Work to be completed: Your output should be exactly the lines from the one containing "Can You Register" through the final line of the following data, please, with no pictures.

Dataset excerpts:
BEGIN
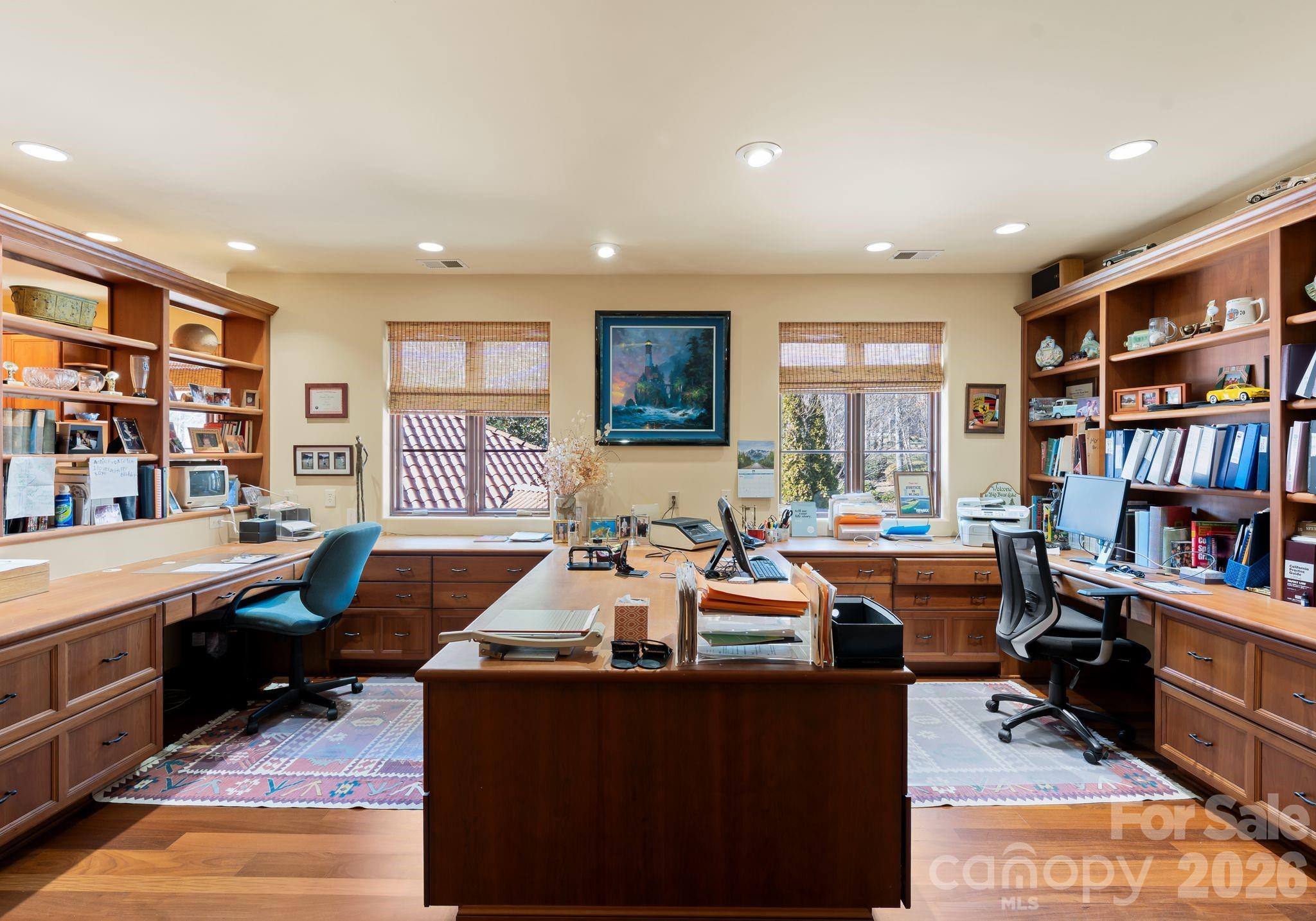 The Point - Residential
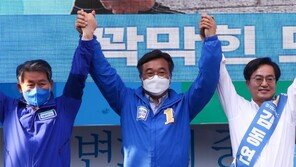 민주 “정호영 사퇴-법사위장, 與 화답할 차례” 국힘 “법사위장 못내줘” 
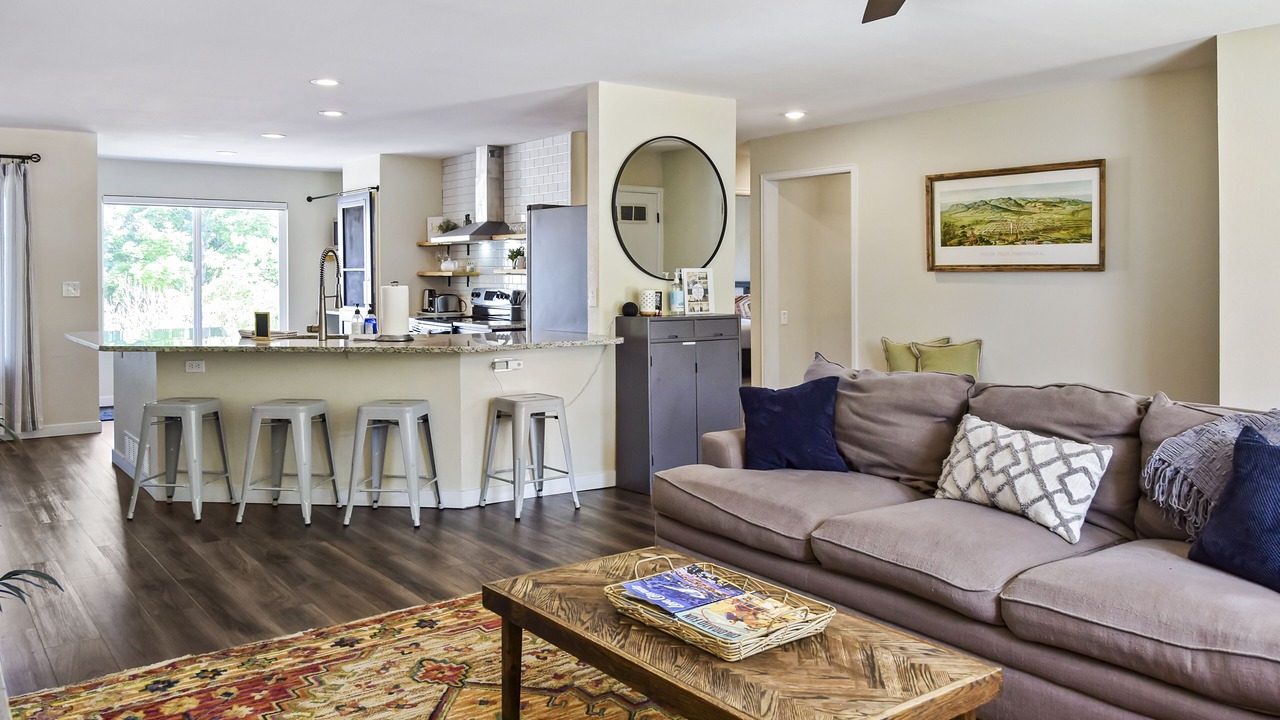 Photo of Livingroom in Cheyenne Meadows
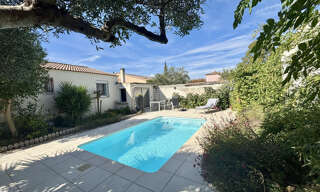 Maison 6 Pièces 110 m² à vendre à Codognan (30920)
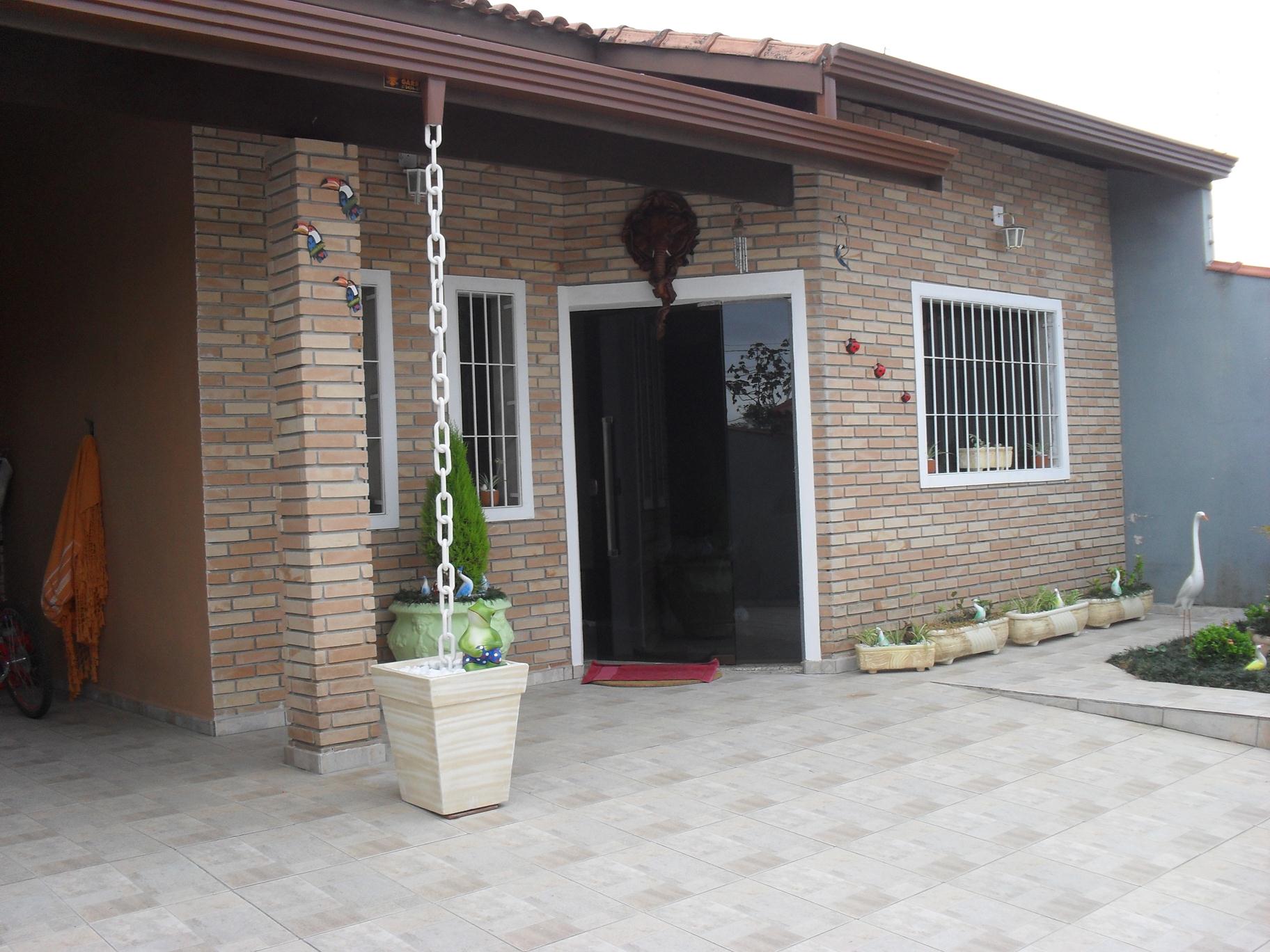 Venda Casa Peruíbe - SP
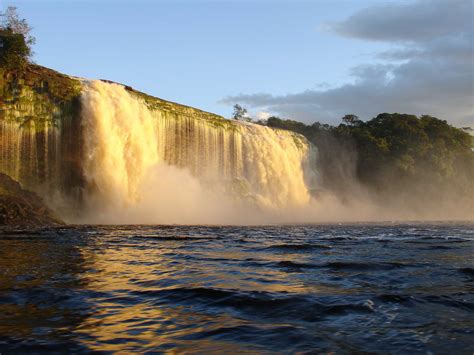 Canaima National Park Wallpapers - Wallpaper Cave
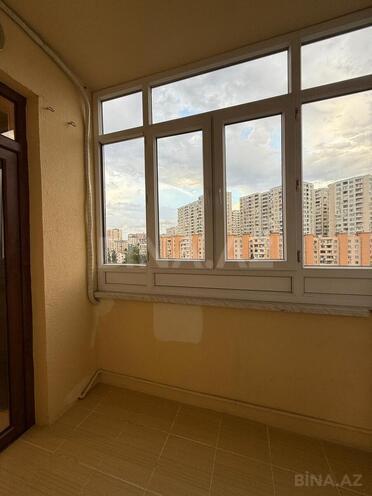 Продаётся 2-комн. новостройка 68 м², м. Ази Асланов, photo 10 from 20
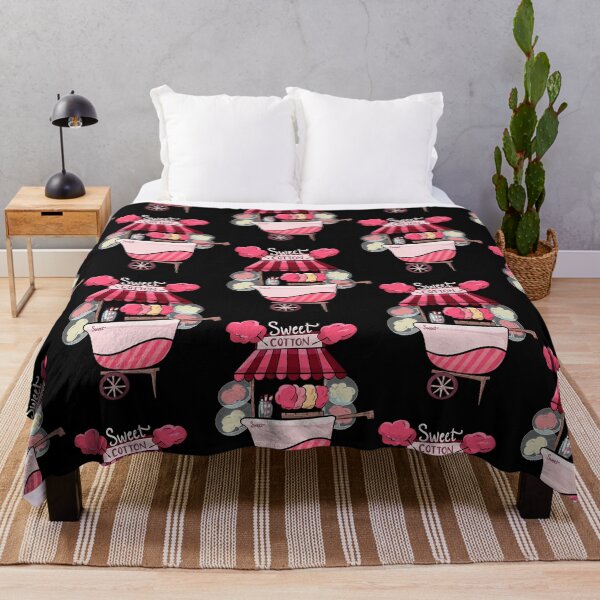 Item preview, Sweet Cotton  designed and sold by AnadalayWal.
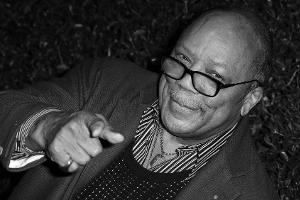 Grammy Awards ehren Quincy Jones bei Verleihung in Los Angeles
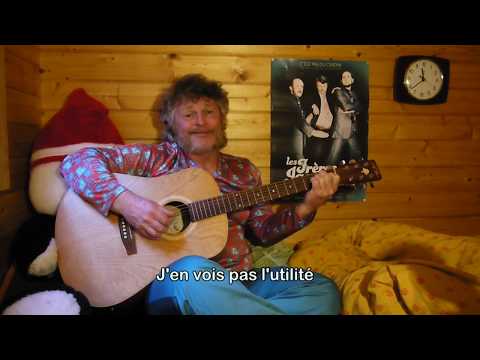 [Jacquard Télé] Mon confinement à l'eau - Les Frères Jacquard - Jean Sté Mitchell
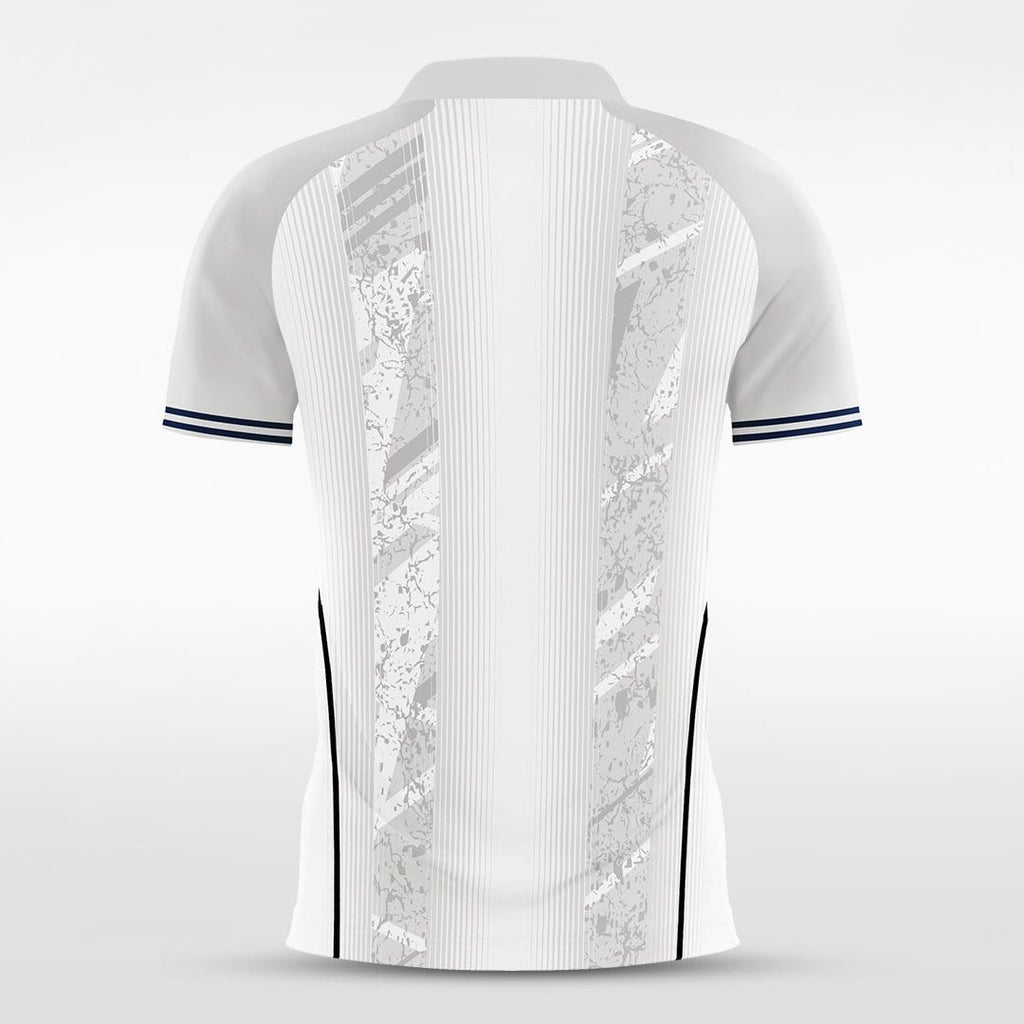 Crash - Customized Men's Sublimated Soccer Jersey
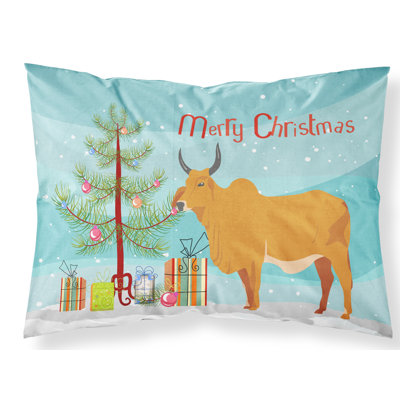 Zebu Microfiber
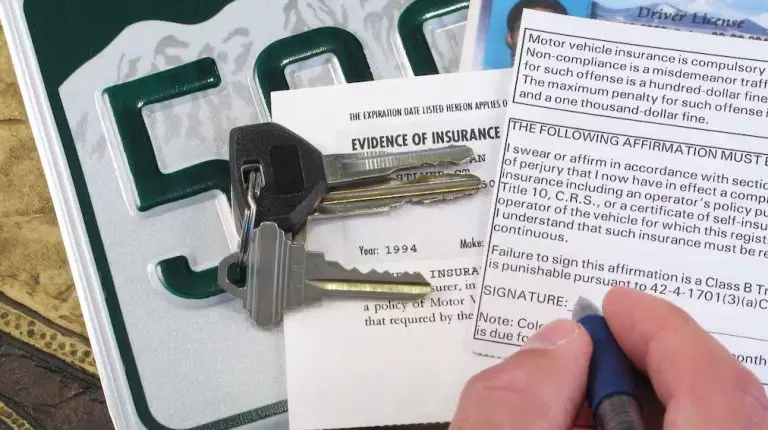 Can You Register A Car Without A License In Tn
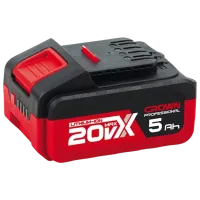 Set de instrumente Crown K-DC27 IMC 20 V / 3 photo 5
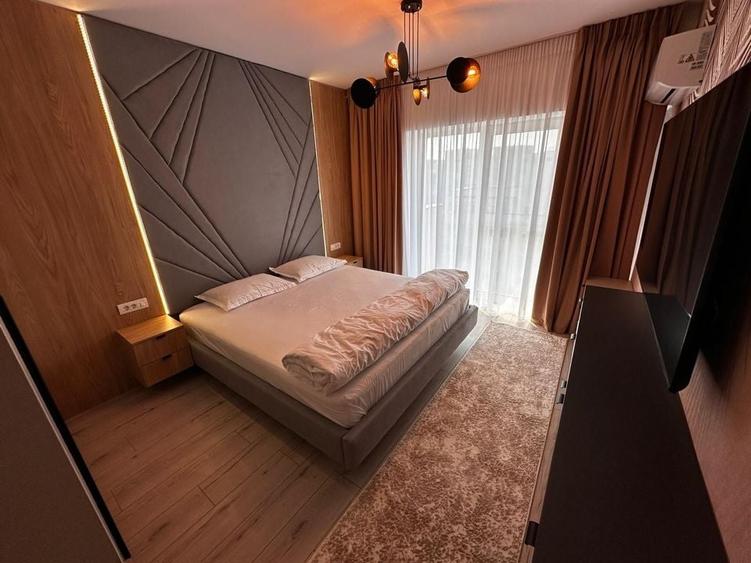 3 Camere Parcare Inclusa Terasa 14mp Gran Via Lake View Dna. Ghica Tei - 19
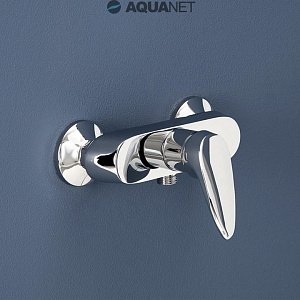 Смеситель для душа Aquanet Round Handle SD90707 купить в интернет-магазине сантехники Sanbest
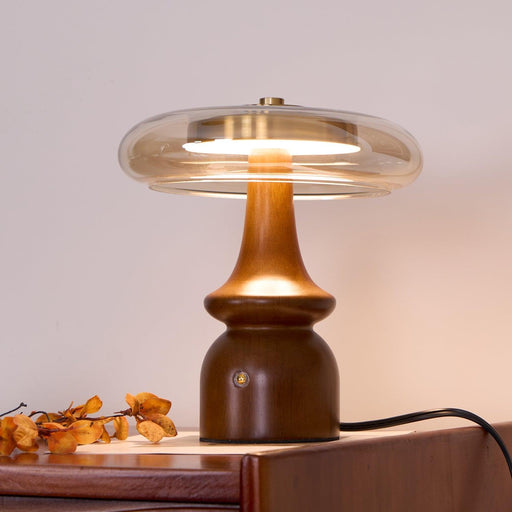 Nova Table Lamp-DWHOME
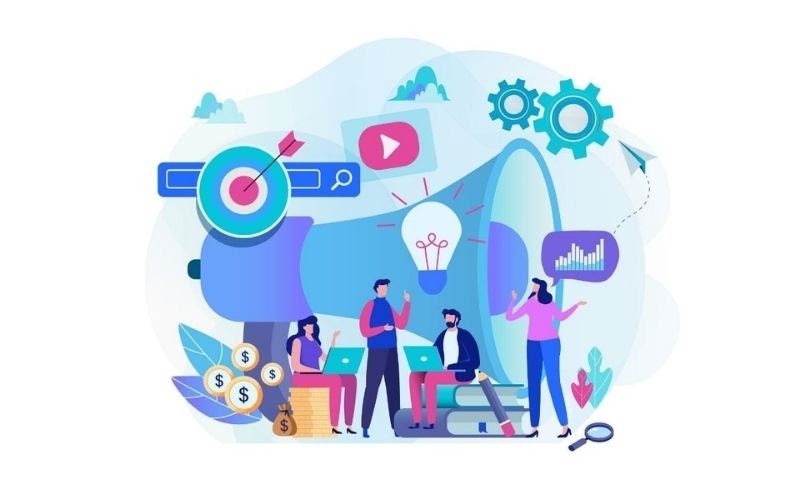 So Sánh E Marketing vs Digital Marketing Có Gì Khác Nhau?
END
Task answer:
 Can You Register A Car Without A License In Tn
 Set de instrumente Crown K-DC27 IMC 20 V / 3 photo 5
 3 Camere Parcare Inclusa Terasa 14mp Gran Via Lake View Dna. Ghica Tei - 19
 Смеситель для душа Aquanet Round Handle SD90707 купить в интернет-магазине сантехники Sanbest
 Nova Table Lamp-DWHOME
 So Sánh E Marketing vs Digital Marketing Có Gì Khác Nhau?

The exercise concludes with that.